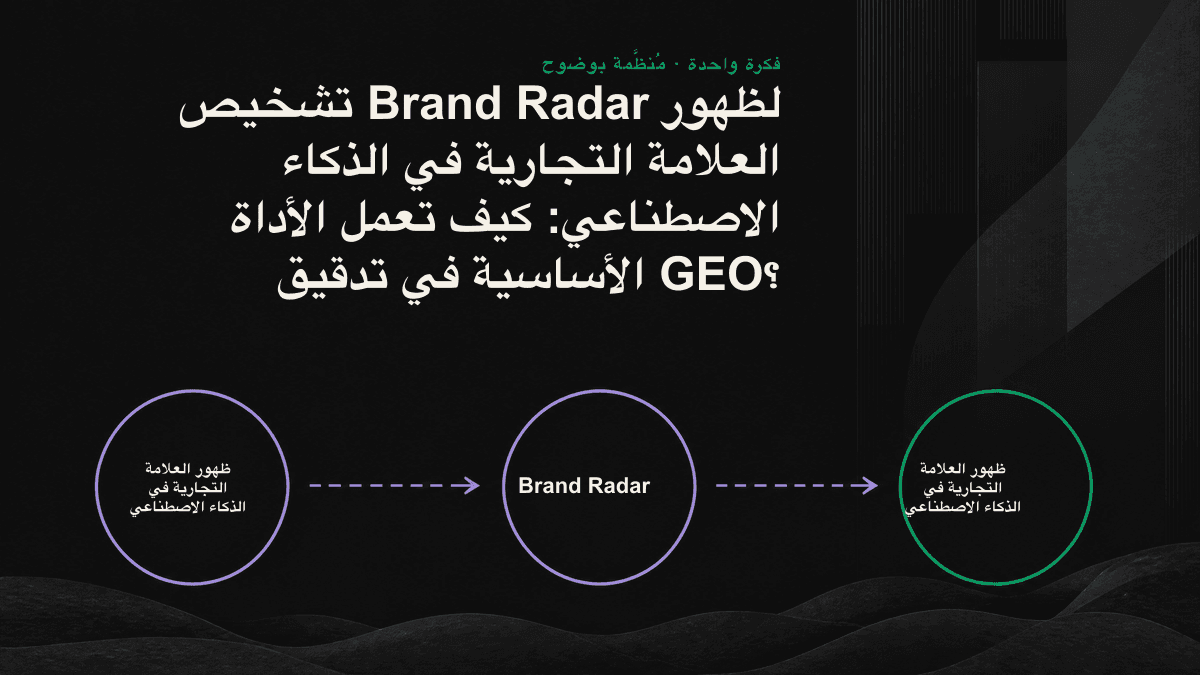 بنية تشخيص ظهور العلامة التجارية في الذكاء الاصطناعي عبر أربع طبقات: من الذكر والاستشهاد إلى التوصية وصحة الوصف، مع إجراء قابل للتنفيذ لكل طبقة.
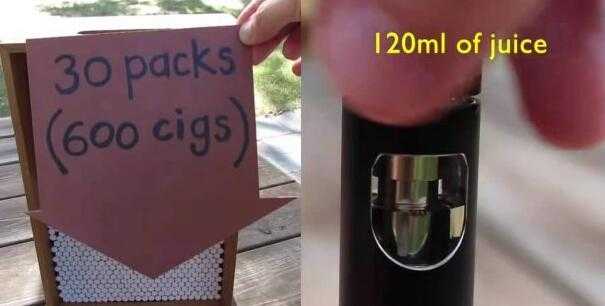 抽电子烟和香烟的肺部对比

...

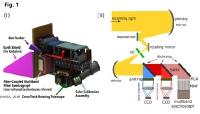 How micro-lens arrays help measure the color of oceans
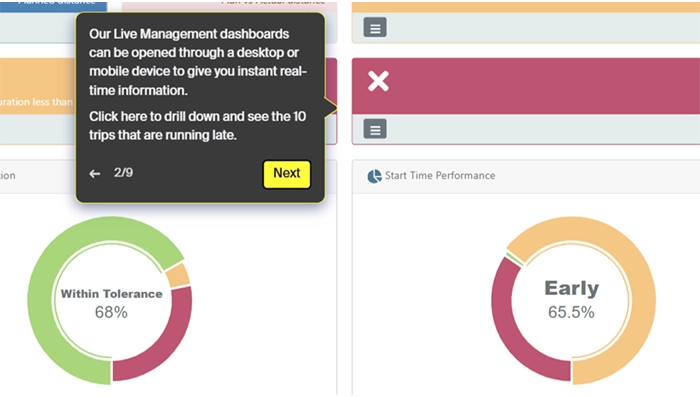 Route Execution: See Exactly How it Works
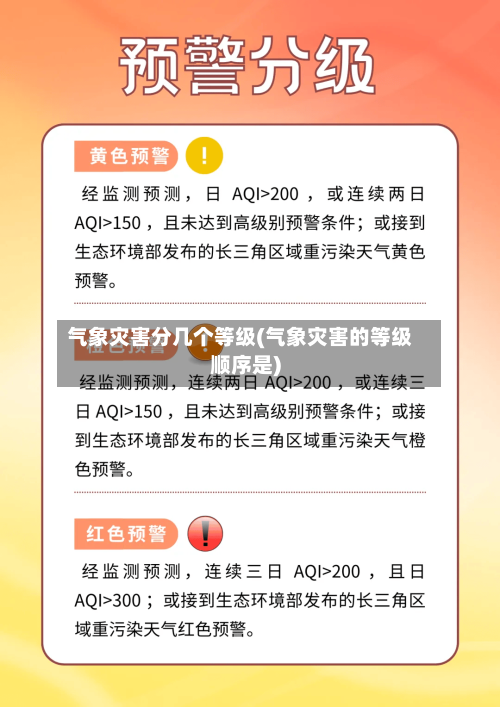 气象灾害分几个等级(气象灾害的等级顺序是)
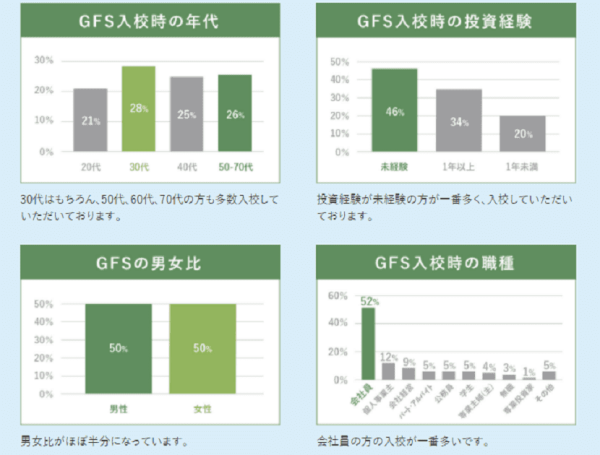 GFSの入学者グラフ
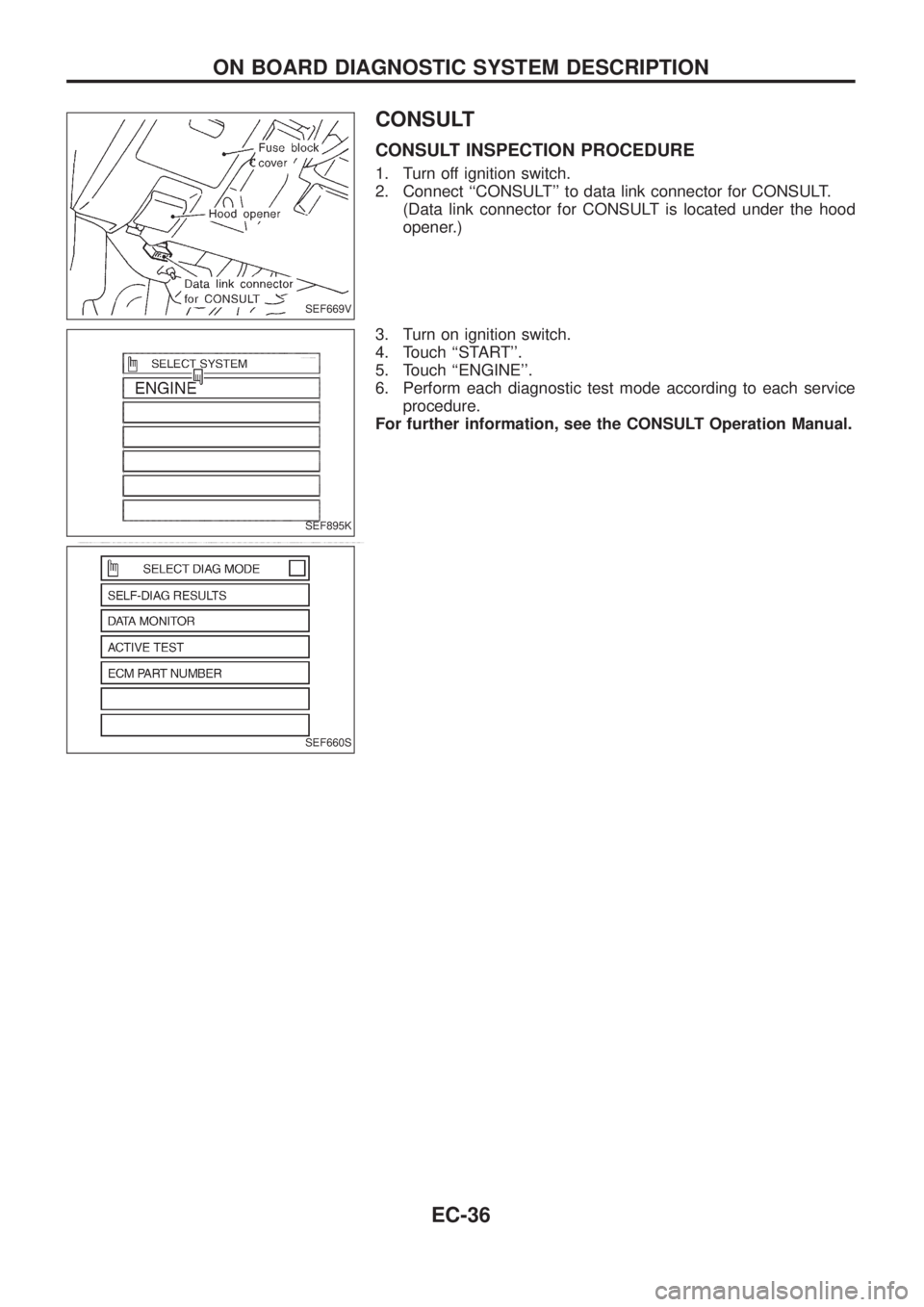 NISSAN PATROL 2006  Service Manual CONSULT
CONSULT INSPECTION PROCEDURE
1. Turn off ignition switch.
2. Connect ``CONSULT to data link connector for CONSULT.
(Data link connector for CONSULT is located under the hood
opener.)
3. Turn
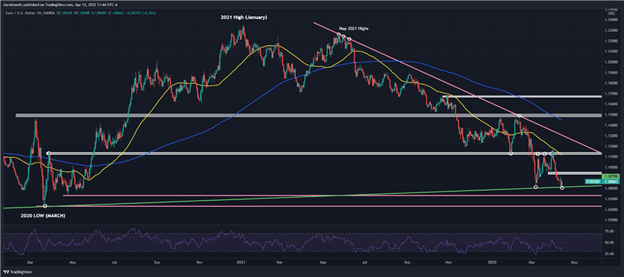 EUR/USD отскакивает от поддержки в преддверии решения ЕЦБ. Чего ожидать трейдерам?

* * *

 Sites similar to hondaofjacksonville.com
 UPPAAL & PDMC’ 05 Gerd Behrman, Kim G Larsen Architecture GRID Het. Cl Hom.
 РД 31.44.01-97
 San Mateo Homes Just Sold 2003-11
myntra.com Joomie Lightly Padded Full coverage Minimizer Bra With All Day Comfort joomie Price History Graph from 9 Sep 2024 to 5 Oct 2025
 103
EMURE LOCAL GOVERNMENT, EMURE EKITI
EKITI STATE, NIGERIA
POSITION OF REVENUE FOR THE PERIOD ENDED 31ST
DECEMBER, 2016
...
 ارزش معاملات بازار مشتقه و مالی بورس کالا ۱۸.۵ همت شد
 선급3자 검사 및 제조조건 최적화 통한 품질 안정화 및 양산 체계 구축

(WHAT NEEDS TO BE DONE): Here the job is to copy the listing above word for word, starting at the line with "بنية تشخيص ظهور" and ending at the line with "抽电子烟和香烟的肺部对比", and to leave out the pictures.

(ANSWER):
 بنية تشخيص ظهور العلامة التجارية في الذكاء الاصطناعي عبر أربع طبقات: من الذكر والاستشهاد إلى التوصية وصحة الوصف، مع إجراء قابل للتنفيذ لكل طبقة.
 抽电子烟和香烟的肺部对比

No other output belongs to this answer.